Physical: The primary physical findings in classic Ramsay Hunt syndrome include peripheral facial nerve paresis with associated rash or herpetic blisters in the distribution of the nervus intermedius. The location of the accompanying rash varies from patient to patient, as does the area innervated by the nervus intermedius. The patient may have associated ipsilateral hearing loss and balance problems. A thorough physical examination must be performed, including neuro-otologic and audiometric assessment.
Causes: Classic Ramsay Hunt syndrome is ascribed to infection of the geniculate ganglion by herpesvirus 3 (VZV).
Differentials: Atypical Facial Pain, Bell Palsy, Postherpetic Neuralgia, Temporomandibular Joint Syndrome, Trigeminal neuralgia.

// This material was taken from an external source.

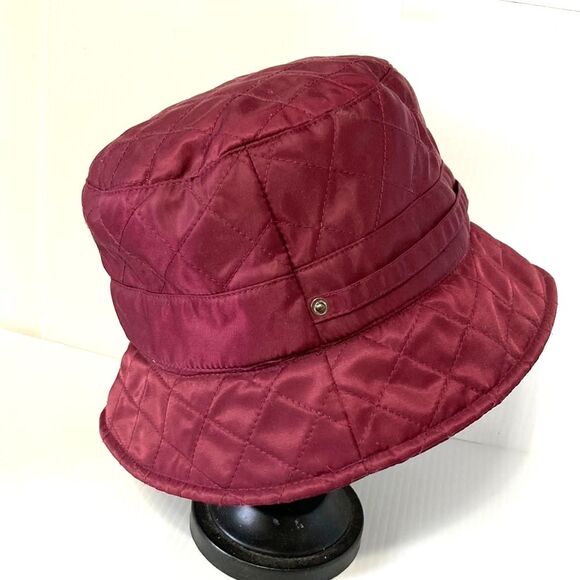 BETMAR NEW YORK Quilted Foldable Bucket Rain Hat Burgundy Waterproof - Picture 6 of 12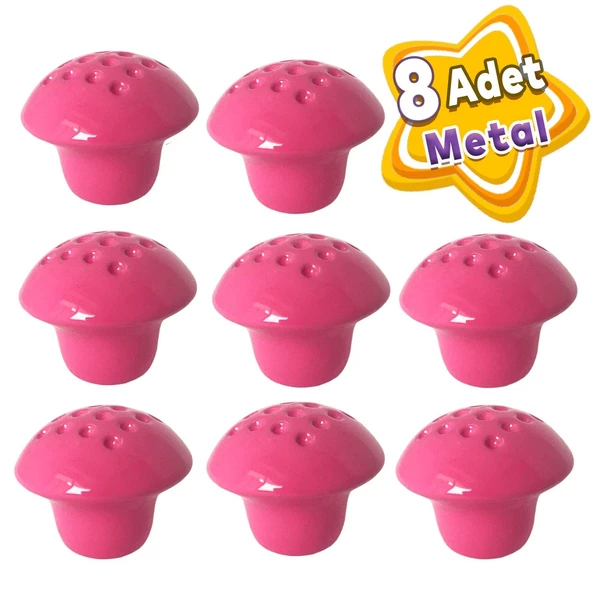 8 Adet Pembe Noktalı Mantar Düğme Kulp Çocuk Bebek Mobilya Çekmece Dolap Kapak Kulbu Metal Kulp Aksesuarları Vidalı ürün görseli 1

Lab Studies: WBC count, erythrocyte sedimentation rate (ESR), and serum electrolytes are helpful in distinguishing the infectious and inflammatory nature of this syndrome. VZV, the virus responsible for this syndrome, is the causative agent for chickenpox. This agent can be cultured in human cells, where it tends to remain bound to cells. Serologic tests also can reveal VZV, although prior history of chickenpox may lead to a positive result. The diagnosis of VZV usually is made without difficulty when the characteristic rash is present as well as vesicular eruption. If necessary, VZV may be isolated from vesicle fluid and inoculated into susceptible human or monkey cells for identification by serologic means. Antibody determinations on paired sera may be helpful in establishing the diagnosis by comparing titers at time of presentation and a few weeks later. VZV can be detected by PCR on samples of tear fluid from affected individuals.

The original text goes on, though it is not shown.